**Task item**
Output the lines of the entries below beginning at the one with "PL_1_184_486_0158" and ending with the last, exactly as written and without pictures.

**Given data**
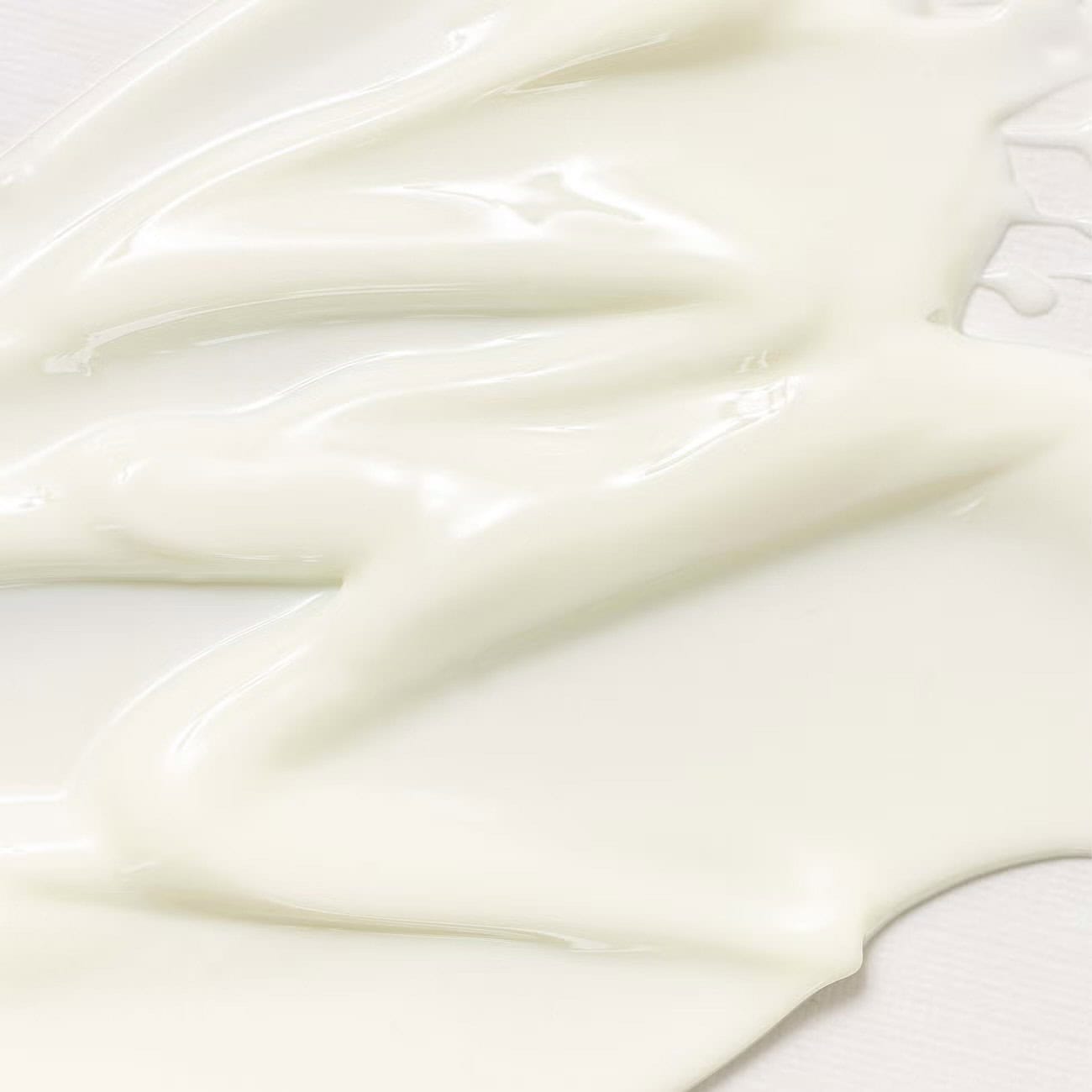 Beauty of Joseon - Relief Sun : Rice + Probiotics SPF50+PA++++ - Image 2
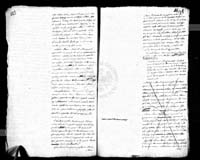 PL_1_184_486_0158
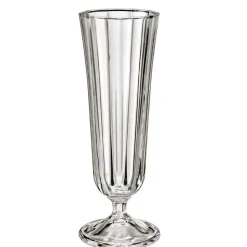 13.5 cl - Onis Ana Calice Cocktail in Vetro - Set 6 Pezzi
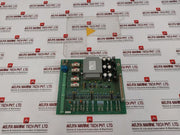 Trumpf 18-13-10-01_V04, Trumpf Laser18-13-10-00/05 Vu 1000-38 759793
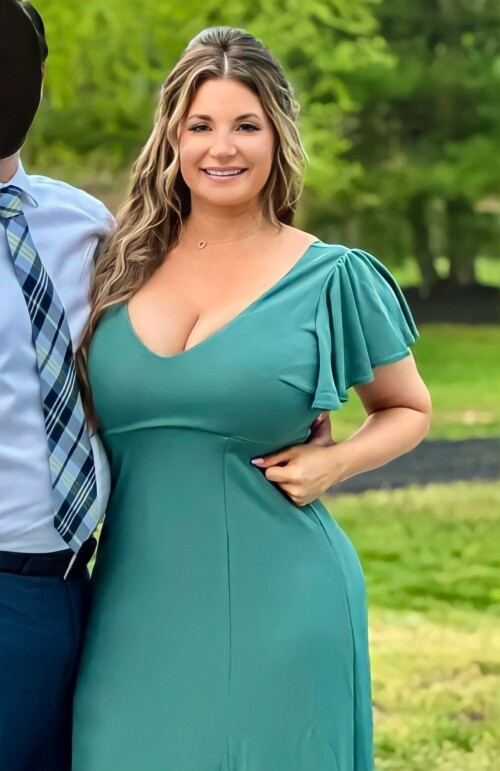 Ashley Bridges Nude Leaked Onlyfans Photo Ashley Bridges Nude Leaked Onlyfans Photo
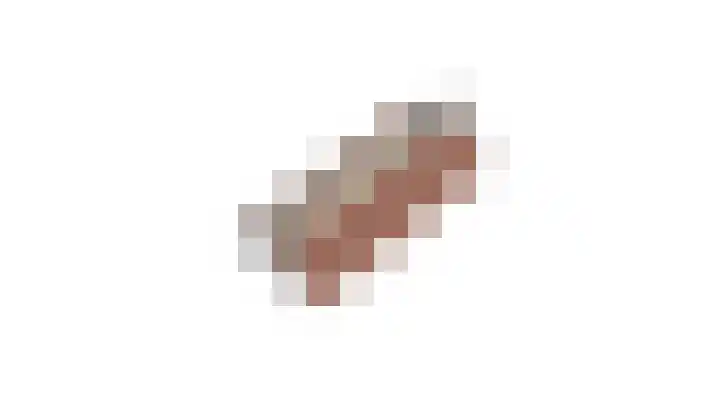 Pastoor Zanderinkstraat 34 Zieuwent thumbnail 50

**Solution for this exercise**
 PL_1_184_486_0158
 13.5 cl - Onis Ana Calice Cocktail in Vetro - Set 6 Pezzi
 Trumpf 18-13-10-01_V04, Trumpf Laser18-13-10-00/05 Vu 1000-38 759793
 Ashley Bridges Nude Leaked Onlyfans Photo Ashley Bridges Nude Leaked Onlyfans Photo
 Pastoor Zanderinkstraat 34 Zieuwent thumbnail 50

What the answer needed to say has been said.